The stock market today saw a significant development as FirstCry share price made its debut on both the BSE and NSE, trading at a premium of around 40 percent, surpassing market estimates. The opening price of FirstCry shares on the BSE was ₹625, while on the NSE, it opened at ₹651 per share. The newly listed stocks didn’t stop there, as they continued to climb, reaching an intraday high of ₹707.70 on the NSE and ₹707.05 on the BSE within minutes of listing. However, profit-booking triggered a retracement from these highs.
Stock market experts have noted the strong debut of FirstCry shares on Dalal Street, with the stock trading well above its fair value of ₹550 to ₹575. They have advised shareholders to consider booking profits and exiting their positions due to challenges faced by the parent company, Brainbees Solutions Limited. These challenges include negative cash flows, regulatory issues, and increasing debt.
Akriti Mehrotra, a Research Analyst at StoxBox, highlighted the integration of physical and online platforms by FirstCry, leading to strong network effects and efficient operations. However, she also pointed out the company’s financial difficulties, such as persistent losses and rising debt.
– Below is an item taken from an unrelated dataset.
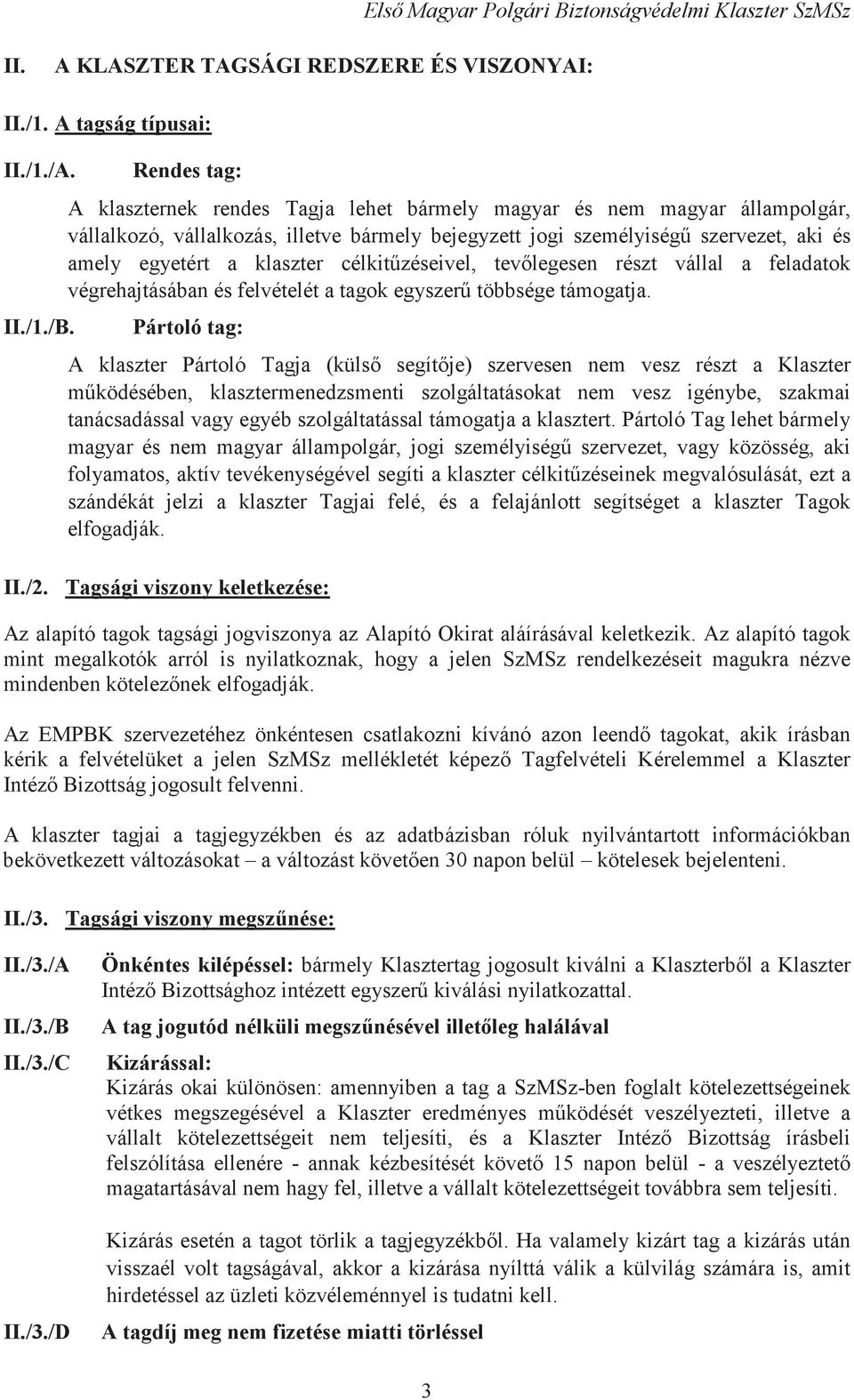 célkitzéseivel, tevlegesen részt vállal a feladatok végrehajtásában és felvételét a tagok egyszer többsége támogatja.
Despite a 15% revenue increase in FY24, FirstCry reported significant losses and a substantial rise in debt, raising concerns among investors.
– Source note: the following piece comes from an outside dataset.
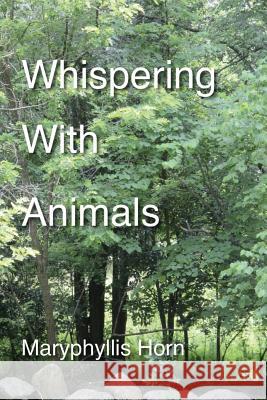 Whispering With Animals Horn, Maryphyllis 9781500435233 Createspace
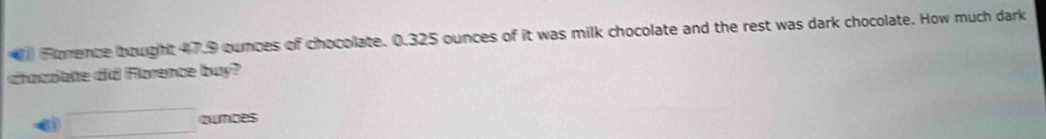 ( Florence bought 47.9 cunces of chocolate. 0.325 ounces of it was milk chocolate and the rest was dark chocolate. How much dark
chacolate did Florence buy?
a □ qunces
Arun Kejriwal, Founder of Kejriwal Research and Investment Services, predicted sharp selling in FirstCry shares following its strong debut. While the listing price exceeded market estimates, Kejriwal suggested that the stock may face selling pressure as it currently trades above its fair value. He advised investors who received shares during the allotment process to consider booking profits and exiting their positions, with a potential opportunity for medium to long-term investors to re-enter at a more favorable price point.
In conclusion, it is essential for investors to conduct thorough research and seek advice from certified experts before making any investment decisions. The views and recommendations provided by individual analysts or broking companies should be considered as part of a comprehensive investment strategy. As the stock market continues to fluctuate, staying informed and cautious is key to navigating the complexities of investing in today’s dynamic market environment.